• WORK TO BE COMPLETED
Make an exact copy of the data below, leaving out every picture.

• INPUT DATA
--------------------------------

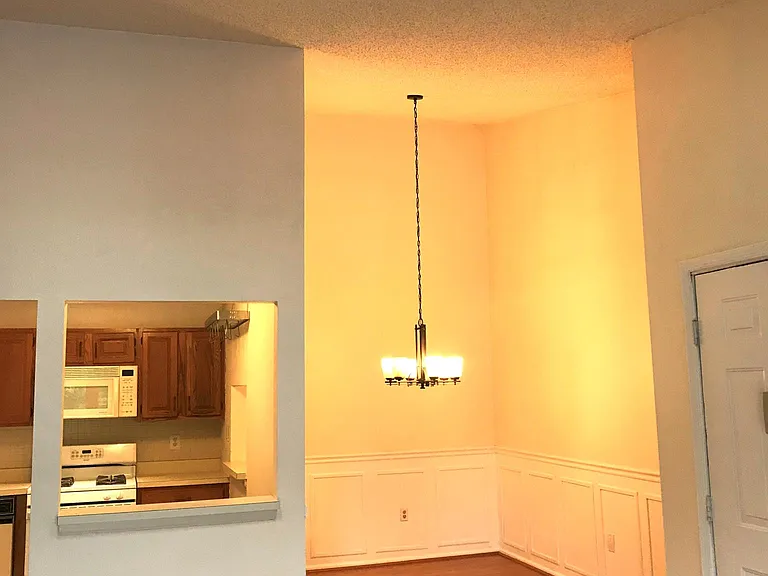 102 Woodward Ln #2 — Photo 2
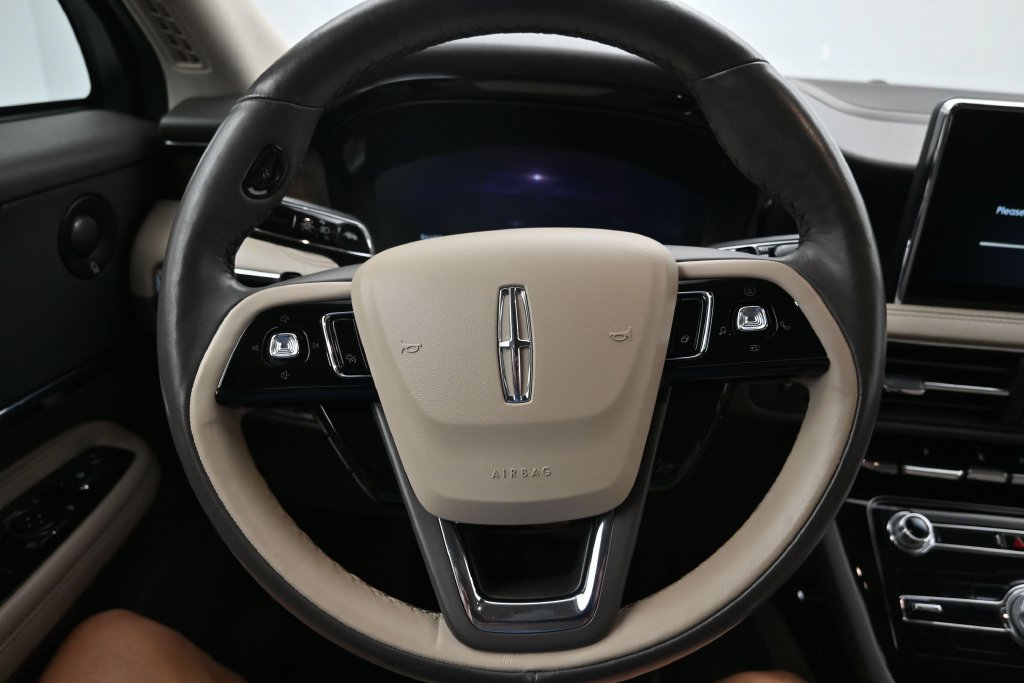 Used 2022 Lincoln Corsair Reserve w/ Equipment Group 201A FWD image 13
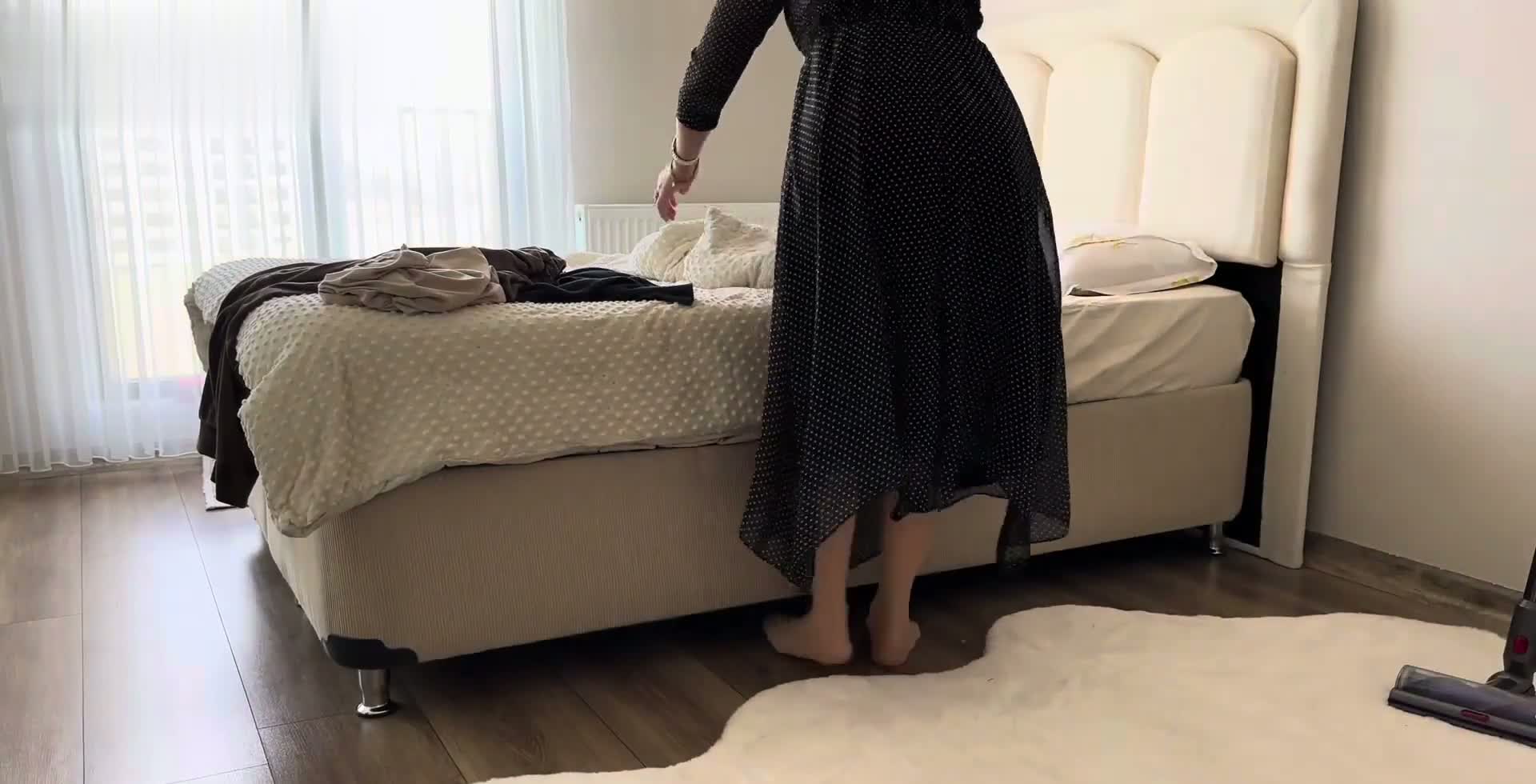 Fatma ile Her Telden Temizlik Yaperken Sexsi  Frikik Veriyor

--------------------------------

• YOUR RESPONSE
 102 Woodward Ln #2 — Photo 2
 Used 2022 Lincoln Corsair Reserve w/ Equipment Group 201A FWD image 13
 Fatma ile Her Telden Temizlik Yaperken Sexsi  Frikik Veriyor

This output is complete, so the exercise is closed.